This week for the first time I'll be introducing students to Nicole Piasecki's remarkable essay "Maybe We Can Make a Circle," constructed as a letter to a beloved high school English teacher but with a twist I don't want to spoil. (Go read it first--it's worth it.)
I love so much about this essay--the way Piasecki evokes the conventions of the gratitude-for-an-influential-teacher letter while blasting them to pieces, the way she arouses strong emotions without swamping readers in gloom, the way she metes out essential information little by little and then all at once. But most of all I admire the gaps, the things she doesn't say or can't say, the questions she can't answer or maybe no one can answer. The heart of the essay beats in those gaps, in the unspeakable, incomprehensible, ineffable absence around which the essay circles.
I have not suffered the kinds of losses Nicole Piasecki describes, but I feel the anguish involved in tip-toeing around gaps. So much I can't write about right now, so many feelings I'm tamping down into a wad in the pit of my stomach, where they sit there and fester and wait to kick me awake in the middle of the night.
And of course the worst part is that I can't even write about what I can't write about. I want to stay employed for another three semesters and I want to remain on speaking terms with friends and family and I want to continue to encourage students and colleagues to fight the good fight, but opening the door to the dungeon might loose the ravening beasts and endanger everything I care about.

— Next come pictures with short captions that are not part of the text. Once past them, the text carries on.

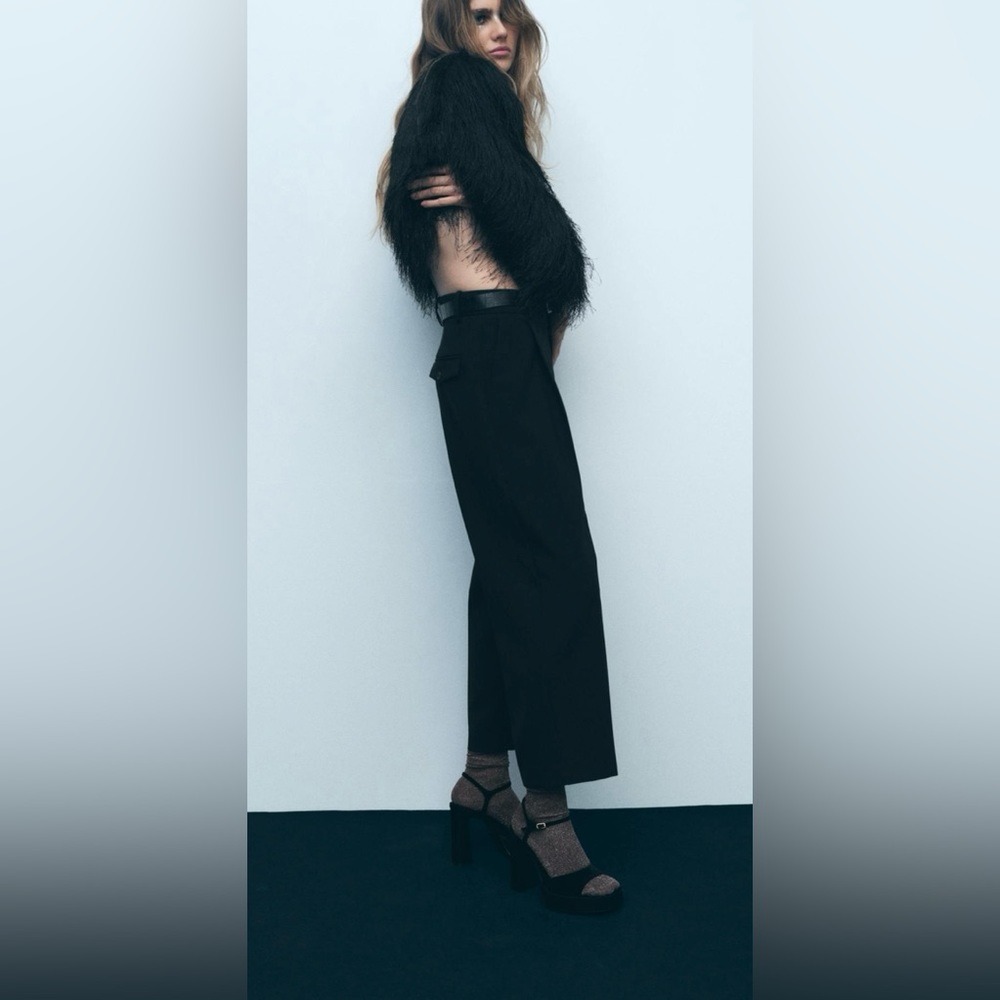 Zara Belted Pleated Pants - Picture 2 of 7
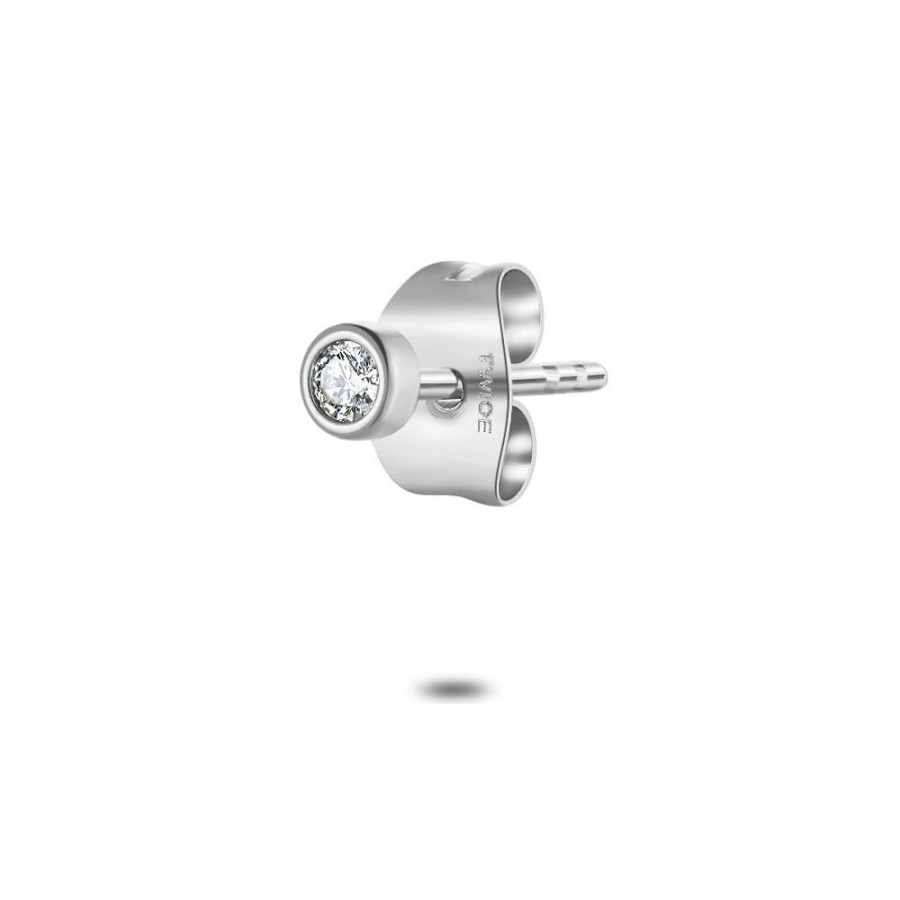 Women Twice As Nice | Stainless Steel Earring Per Piece, Round Zirkonia, 2 Mm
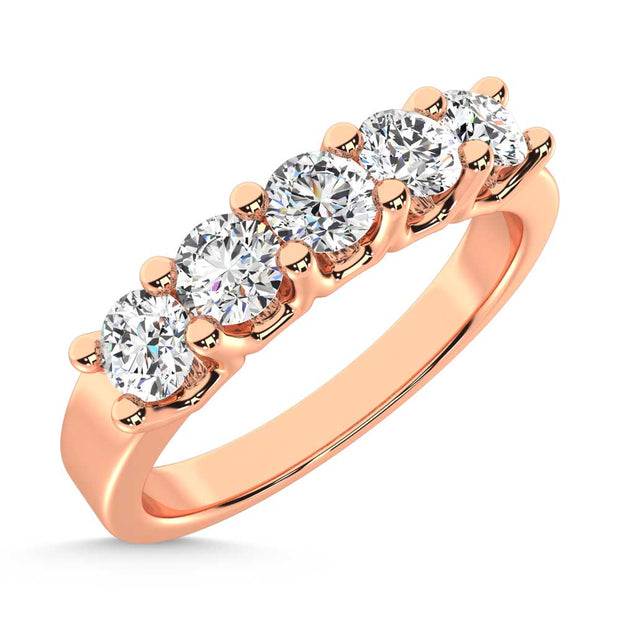 14K Rose Gold Lab Grown Diamond 3/4 Ct.Tw. Half Way Band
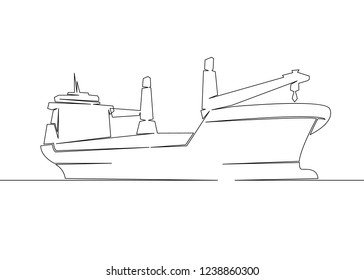 One continuous drawn single art  line  doodle  drawing  sketch cargo transport ship. Concept of global container transport, logistics of export and import of international transport.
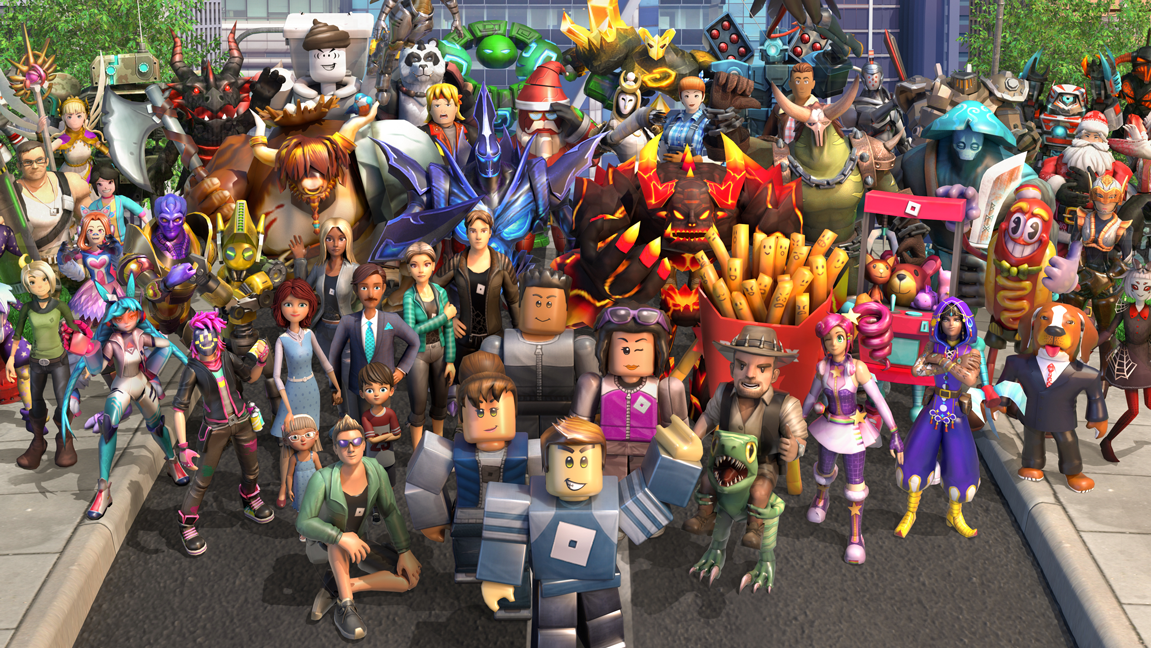 A lineup of Roblox characters.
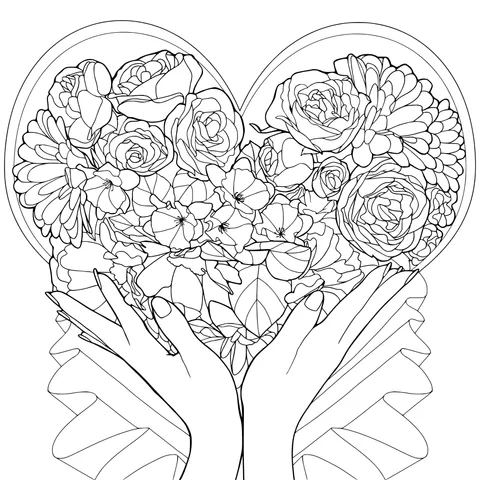 Heart - shaped Bouquet Held by Hands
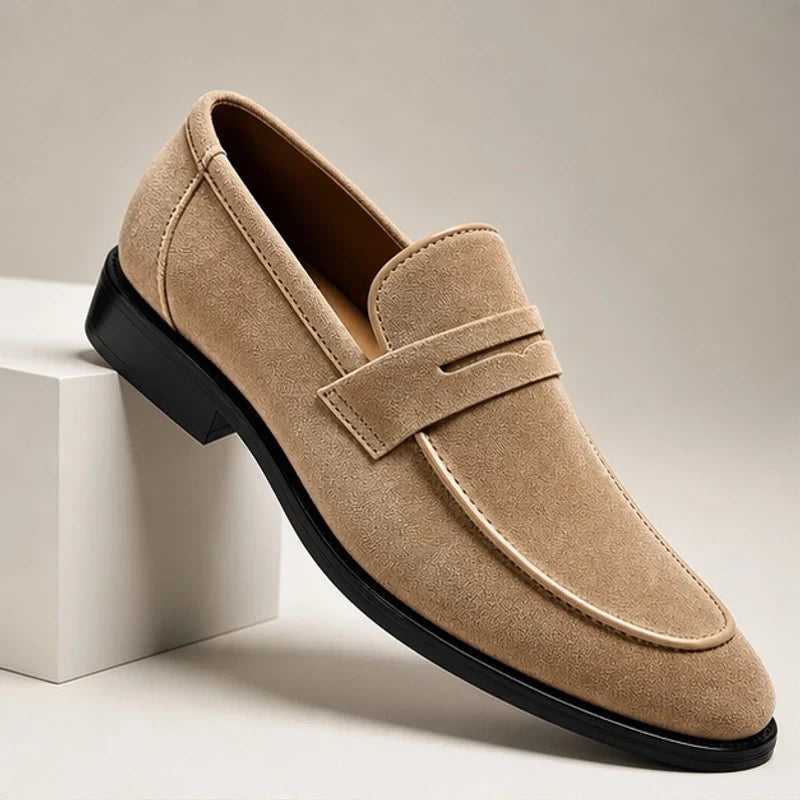 Men's Suede Penny Loafers with Cushioned Footbed 1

Over the decades my mother developed the habit of silence, biting her tongue and nodding in agreement until she lost the ability to speak for herself. She lived out the dictum don't rock the boat until the boat became stranded in a becalmed sea with no hope of ever reaching land.
(Why am I always transforming pain into metaphors? It's impossible to say just what I mean! And yes, I'm teaching Prufrock today, a poem more relevant with each passing year.)
One thing I'm certain of: it's impossible to eat the peach while biting my tongue. And yet here I am, dancing delicately around the gaps and wondering why I'm so darned hungry.